Ко всей этой научной эквилибристике (надо сказать, презираемой практиками театра) можно отнестись по-разному. Можно согласиться с тем, что, высвобождая энергию, скрытую в намеках и второстепенных фактах, чье «значение темно иль ничтожно», мы обогащаем свое понимание новыми смысловыми обертонами. Можно съязвить вместе с Жильбером Сесброном: «Если бы не критики, гении никогда не узнали бы, что хотели выразить». Или решить, что ученые не устояли перед соблазном воспользоваться постмодернистскими «отмычками». А можно просто улыбнуться и вспомнить, что все это — «очень Чехов», и не только Антоша Чехонте, но и Антон Павлович — с его самоиронией, шутливыми поддразниваниями и насмешками.
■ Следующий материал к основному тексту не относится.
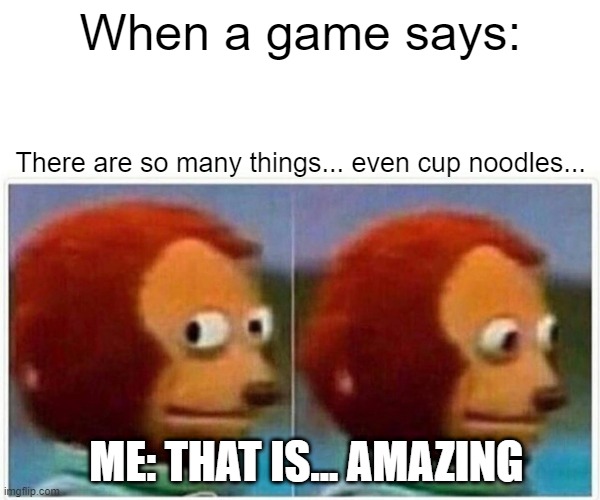 Oop.. | When a game says:; There are so many things... even cup noodles... ME: THAT IS... AMAZING | image tagged in memes,monkey puppet | made w/ Imgflip meme maker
Чего-чего, а «ученого занудства», которое так не терпел Чехов, на конференции не было. В этом, конечно, сказалась и атмосфера ялтинской усадьбы, в которой проходили чтения, — в сени воздушно-легкой Белой дачи и рукотворного чеховского чуда — посаженного им сада с его вечной весной (что там только не цвело и не благоухало!). И многолюдное научное собрание ощущало себя в прямом смысле слова в гостях у Чехова, а в памяти постоянно всплывало высказывание К.Чуковского: «В литературе он работал как фабрика. Людям помогал так неутомимо и деятельно, словно был не человек, а учреждение. Даже гостей принимал в таком беспримерном количестве, словно у него не дом, а гостиница».

Ну а что же с загадками «Трех сестер»? Разгадала ли их конференция? Вряд ли. Пожалуй, их стало еще больше. Искусство никогда не раскрывает всех своих тайн, заставляя каждое новое поколение искать ключ к душе чеховского творения и задавать все тот же вопрос: в чем же смысл этой «пьесы расставаний»?!